__PROVIDED MATERIAL__
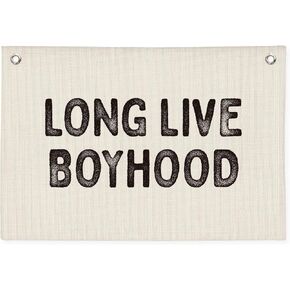 Long Live Boyhood Banner, Boys Room Decor, Vintage Linen Banner Wall Hanging Banner Flag Decor for Toddler Boy Room Nursery Playroom
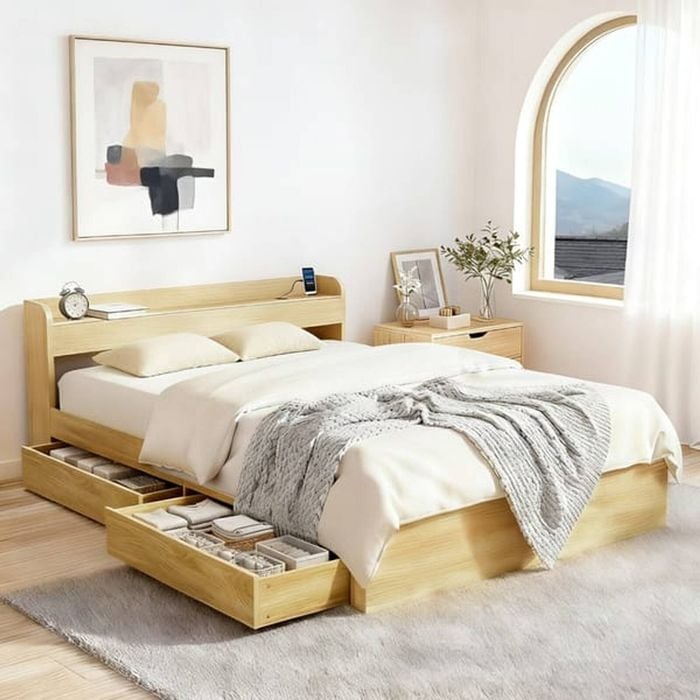 HOMFURN Queen Bed Frame with Storage Headboard, USB Ports & 2 Drawers, Natural Wood Finish, 300kg Capacity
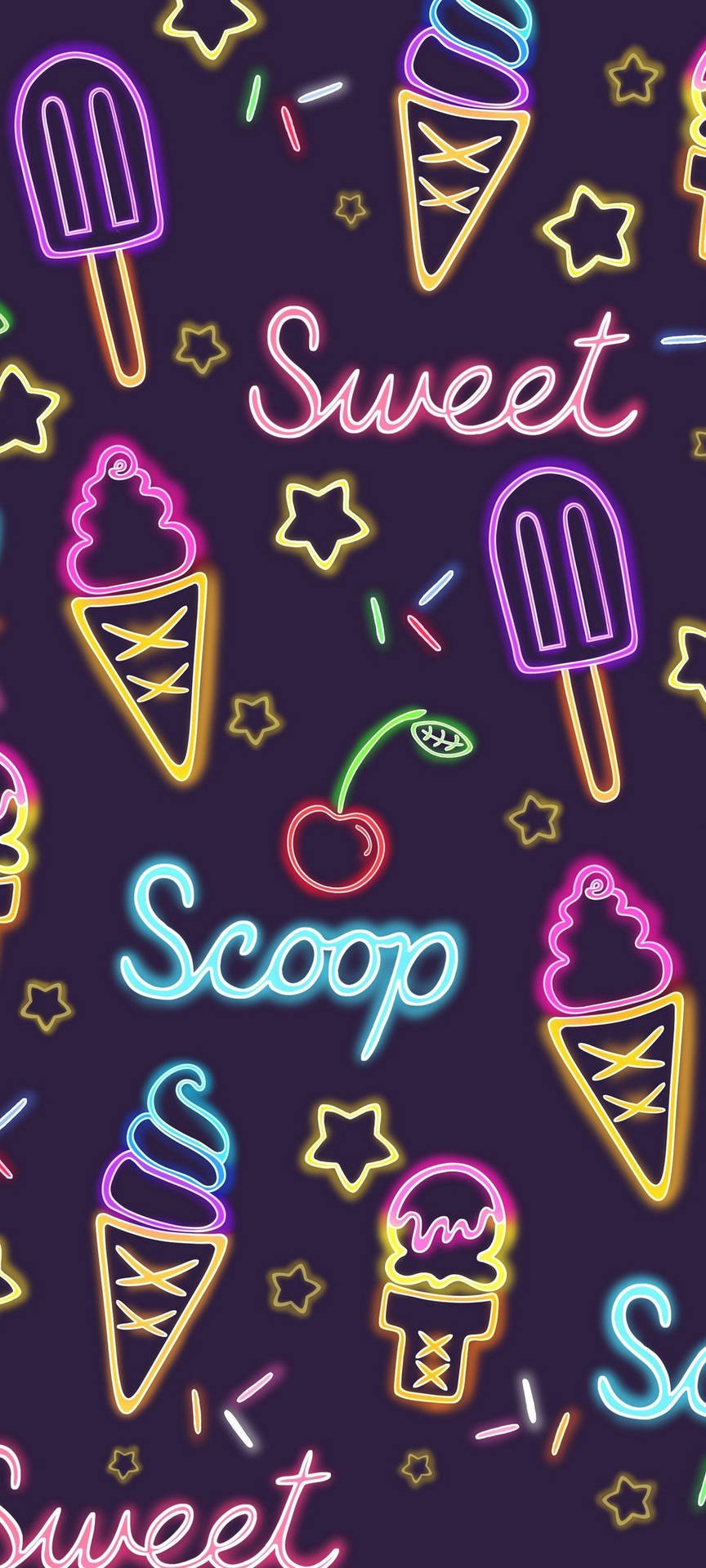 Download Ice Cream Neon Phone Wallpaper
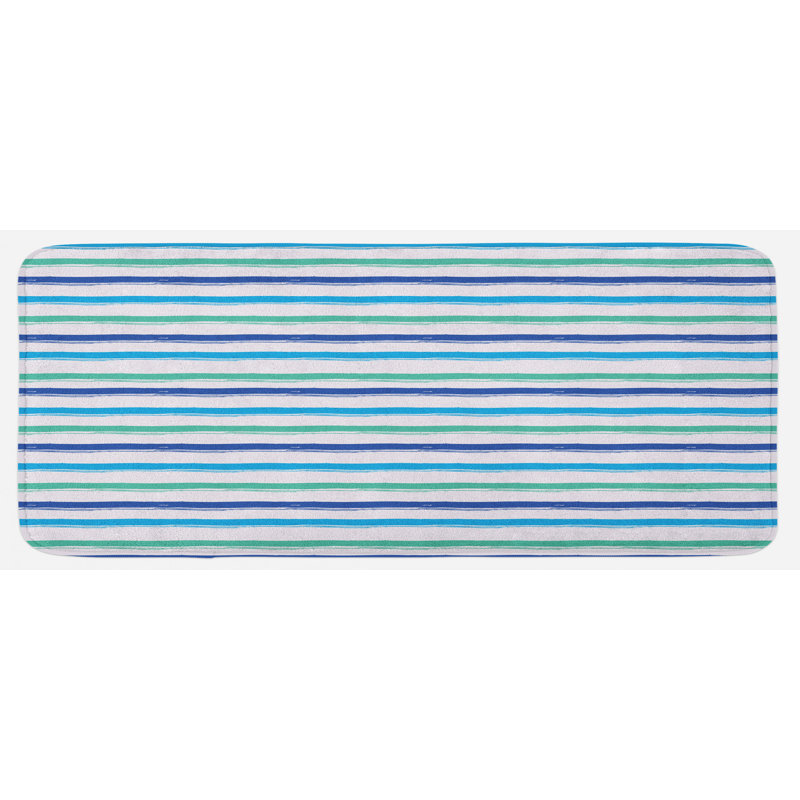 Tapis de cuisine en mousse de mer bleu royal de style minimaliste brushstroke lines in multitons modern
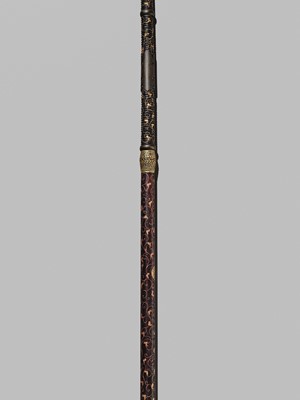 A RARE AND FINE CEREMONIAL IRON JUMONJI YARI (SPEAR)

__WHAT YOU SHOULD DO__
Output exactly the lines from the one containing "Download Ice Cream Neon Phone Wallpaper" through the last line of the records above, both included, and leave out the pictures.

__EXERCISE RESPONSE__
 Download Ice Cream Neon Phone Wallpaper
 Tapis de cuisine en mousse de mer bleu royal de style minimaliste brushstroke lines in multitons modern
 A RARE AND FINE CEREMONIAL IRON JUMONJI YARI (SPEAR)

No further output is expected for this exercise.